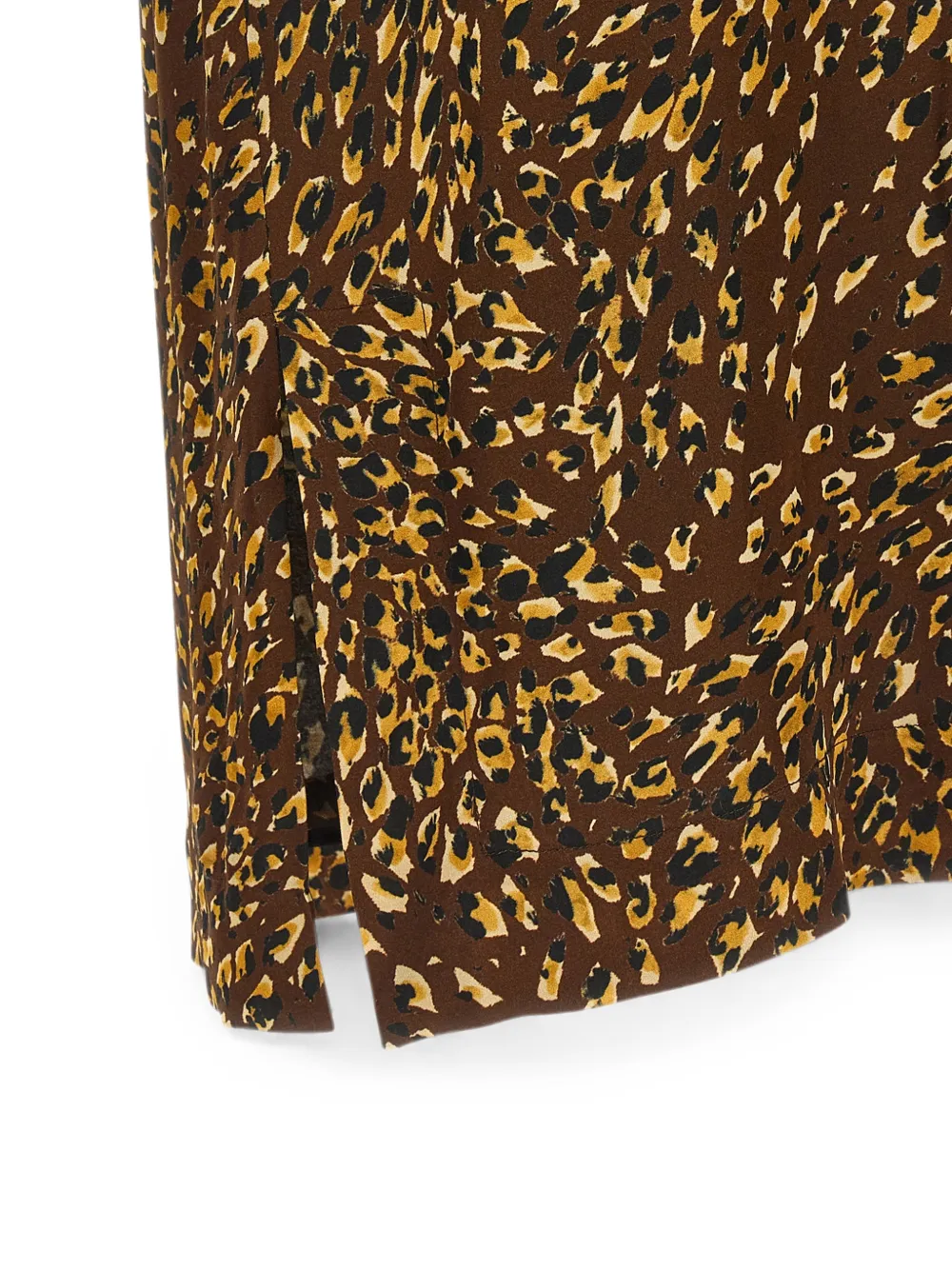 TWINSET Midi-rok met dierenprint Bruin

---

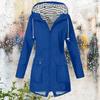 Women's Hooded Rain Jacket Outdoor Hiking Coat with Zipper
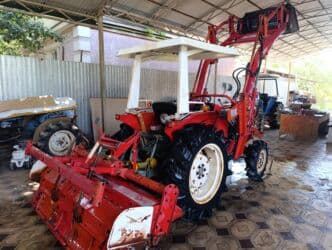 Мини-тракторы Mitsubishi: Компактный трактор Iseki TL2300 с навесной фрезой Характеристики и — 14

### TASK REQUIREMENTS
Within the listing above, the lines starting at the one containing "Women's Hooded Rain" and ending at the one containing "Мини-тракторы Mitsubishi: Компактный" are to be returned exactly. Omit the pictures.

### FINAL ANSWER
 Women's Hooded Rain Jacket Outdoor Hiking Coat with Zipper
 Мини-тракторы Mitsubishi: Компактный трактор Iseki TL2300 с навесной фрезой Характеристики и — 14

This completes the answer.